Police Constable Phil Broughton, of Nottinghamshire Police's Roads Policing Team, said: “The fact the most offenders are consistently caught on January 1 suggests drivers are getting behind the wheel while they’re still over the limit from seeing in the New Year the night before.

“We want people to enjoy their night out and have a great time but we want them to plan ahead.

"Either be the designated driver and stay on soft drinks or arrange a lift from a friend, book a taxi or use public transport.

"If you know or suspect that someone is driving while under the influence of alcohol or drugs, try to discourage them but if they won’t listen to you ring us and report them.

"Call us on 101 or 999 if there's an immediate threat to life or property. You can also call Crimestoppers anonymously on 0800 555 111."

PC Broughton added: “Just one drink or drug driver on Nottinghamshire’s roads is one too many.
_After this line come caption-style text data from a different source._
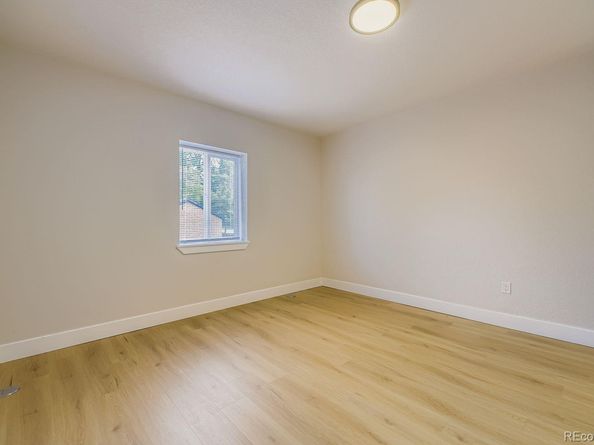 2600 Colorado Boulevard, Denver CO 80207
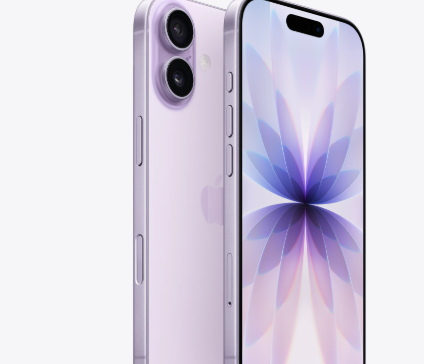 游仙苹果维修点分享iPhone 17自动关机引发故障解析 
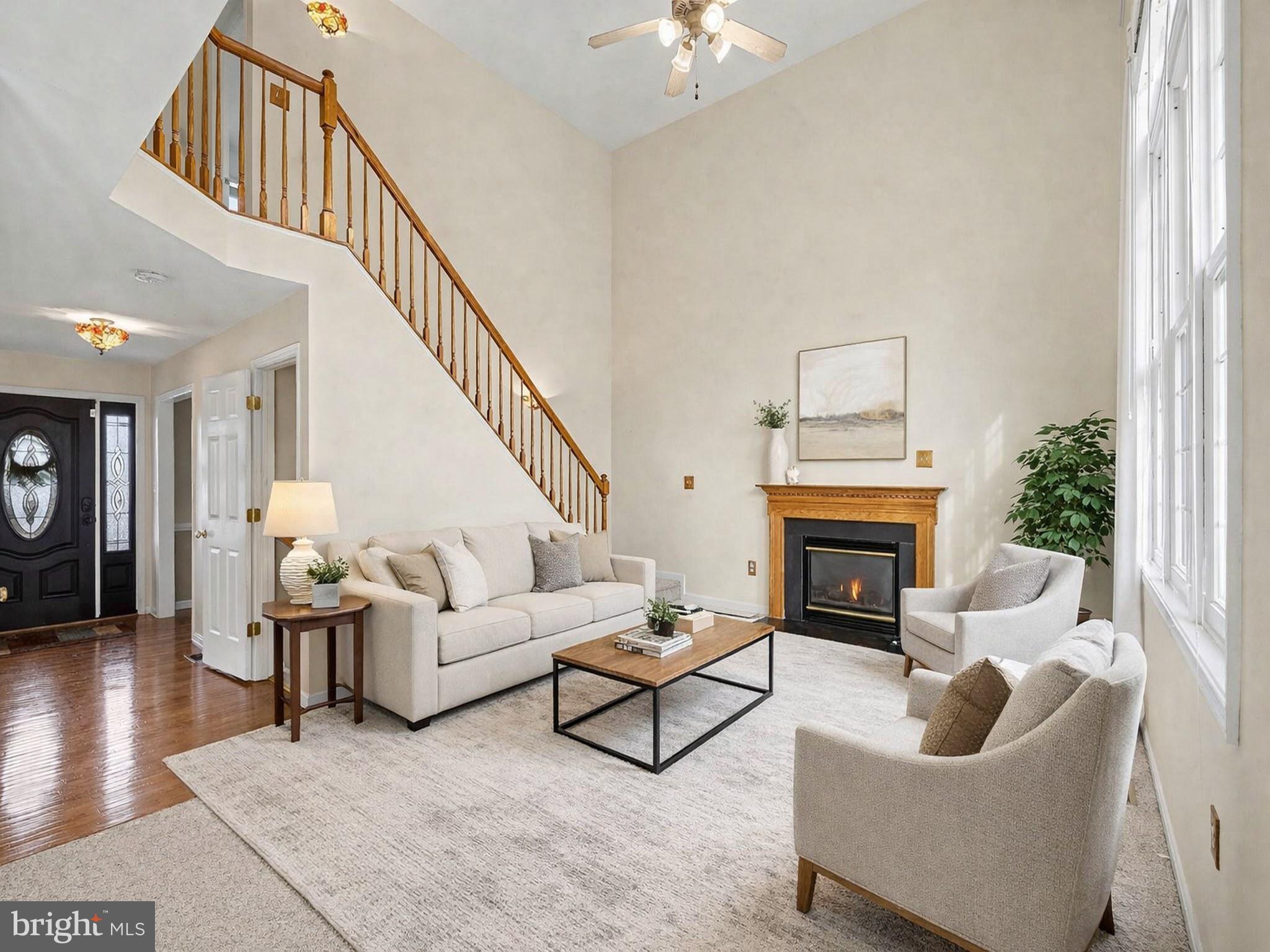 11407 RIVER MEADOWS WAY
Our message is simple - drink and drug drivers will not be tolerated on Nottinghamshire's roads.

"Driving while under the influence of drink or drugs is always a significant danger, but at this time of year the risks are even more prevalent with darker nights, bad weather and sadly, more people taking the risk by drinking or using drugs and then getting behind the wheel.

“The decision to drive when you’re over the limit takes just a split second, but the consequences could last a lifetime.

"The most costly of consequences are for those who find themselves mixed up in drink or drug drive incidents where a loved one is lost.

"The results of drink or drug driving also have massive life-changing consequences for those who commit the crime, not only in terms of a possible prison sentence, but also the loss of their job, relationship and freedom to drive."